Zadie Smith in Changing My Mind:
When you finish your novel, if money is not a desperate priority, if you do not need to sell it at once or be published that very second- put it in a drawer. For as long as you can manage. A year or more is ideal- but even three months will do. Step away from the vehicle. The secret to editing your work is simple: you will need to become its reader instead of its writer. I can’t tell you how many times I’ve sat backstage with a line of novelists at some festival, all of us with red pens in our hand, frantically editing our published novels into fit form so that we might go onstage and read from them. It’s an unfortunate thing, but it turns out that the perfect state of mind to edit your own novel is two years after it’s published, ten minutes before you go onstage at a literary festival. At that moment every redundant phrase, each show-off, pointless metaphor, all the pieces of deadwood, stupidity, vanity and tedium are distressingly obvious to you. Two years earlier, when the proofs came, you looked at the page and couldn’t see a comma out of place. And by the way, that’s true of the professional editors, too; after they’ve read a manuscript multiple times, they stop being able to see it.

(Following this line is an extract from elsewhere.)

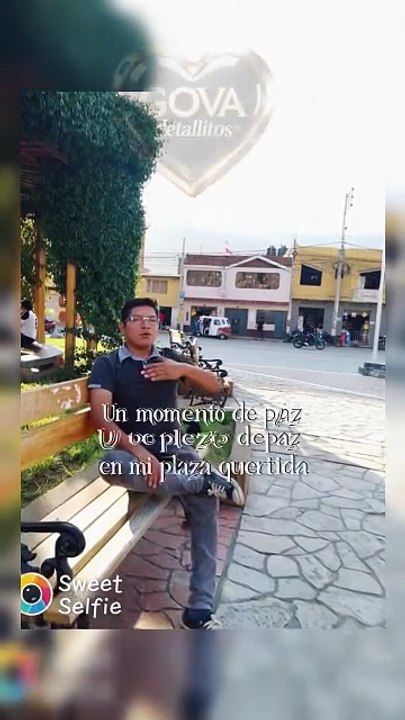 un momento de paz en el parque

You need a certain head on your shoulders to edit a novel, and it’s not the head of a writer in the thick of it, nor the head of a professional editor who’s read it in twelve different versions, it’s the head of a smart stranger who picks it off a bookshelf and begins to read. You need to get the head of that smart stranger somehow. You need to forget you ever wrote that book.
I’ve had that same experience for as long as I’ve been writing. I’ll draft out a post one night and go over it four or five times and think I’ve changed everything that I possibly could- that I might as well publish it right now because there’s nothing left to change, then come back to it the next morning and realize just how clunky that opening sentence is, that my examples are totally in the wrong order, and that I can’t conclude it like that. It’s exactly what Zadie says: I stopped being able to see it. You end up with your eyes right up against the screen, and you need to step back and see it from afar. You need Beginner’s Mind. Putting some time and space in between your last revision lets you see it from a different perspective.
 
This doesn’t just apply to writing- in anything you are working on, whether it’s a product or a website or an ad campaign, you can get caught up in the minute details- should this image be two pixels to the left? And stepping away from the vehicle will provide a different perspective. Of course, only seeing it from a distance isn’t the key either- there’s a combination of alternating distances that gives something the best chance of success. The key is to be able to know what distance you’re at, and to know when to step away from the vehicle.